We hatched a plan. Dad would try to catch them on Friday, the day I was going home again, and I would come back and get them before heading to Chez BeckWelch.

He called Friday morning. They beat the bushes, searched the hedges, but the scrawny little things were nowhere to be seen. “They must have been listening on the phone line,” my dad joked—and then thought about it and went out and yes, the little miscreants were roosting up in the magnolia tree that intertwined with the phone lines, just above his head in the front yard.

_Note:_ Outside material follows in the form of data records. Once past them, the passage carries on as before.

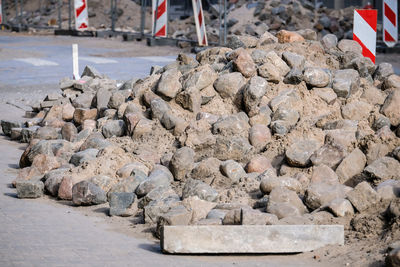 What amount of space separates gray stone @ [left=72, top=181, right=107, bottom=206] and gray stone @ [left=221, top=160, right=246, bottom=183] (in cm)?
122

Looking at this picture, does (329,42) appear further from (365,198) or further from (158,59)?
(158,59)

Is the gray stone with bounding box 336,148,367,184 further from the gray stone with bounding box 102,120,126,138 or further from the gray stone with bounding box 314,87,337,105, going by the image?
the gray stone with bounding box 102,120,126,138

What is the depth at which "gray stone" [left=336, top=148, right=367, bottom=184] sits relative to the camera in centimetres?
716

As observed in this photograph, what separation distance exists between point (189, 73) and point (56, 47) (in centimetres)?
1833

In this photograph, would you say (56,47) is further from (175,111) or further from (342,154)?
(342,154)

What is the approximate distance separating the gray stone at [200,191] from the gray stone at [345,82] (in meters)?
2.62

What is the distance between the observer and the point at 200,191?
699 cm

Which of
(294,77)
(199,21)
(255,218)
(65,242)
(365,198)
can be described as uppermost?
(199,21)

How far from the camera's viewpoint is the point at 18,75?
1884 cm

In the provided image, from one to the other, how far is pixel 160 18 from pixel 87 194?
18620 millimetres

“Maybe Sunday?” Dad said to me. I said sure, figuring this was never going to happen.

My first full day home from the long week of work travel, I dug into some domestic chores and had almost forgotten about the potential Chicken Run until the phone rang about noon.

“They walked right into the trap following me with a piece of corn cake. We can meet halfway.”

Halfway, when you are trying to negotiate with a father who is 1) hard of hearing 2) convinced he knows all the exits between Michigan and Florida and 3) eager to get the job done meant I drove two hours and he drove one, but we did both find the correct Cracker Barrel. Which is something of a miracle since he can’t actually work his mobile phone.

We parked around back and he handed me the caged chickens. The pair were peeping loudly in their fear, so I assume the people who watched the exchange figured the restaurant had run out of chicken and called a local farmer. No one looked concerned.

Home I drove with the now-quiet bantams, and introduced them to their new friends, the Leghorns. Leghorns outweigh bantams about 2:1, so we left the little girls in a cat carrier overnight to let them get used to the co-op, er, coop. And avoid getting sat on.

Today the new girls are running around the yard, investigating brush piles, digging pits, and that perennial favorite of chickens everywhere, pecking the hosta beds to death. Oh well. They are cute, the new girls, and our four bigger hens are pretty much leaving them alone. So far so good. Chicken Run: The Holiday Adventure has not turned out to be a horror film.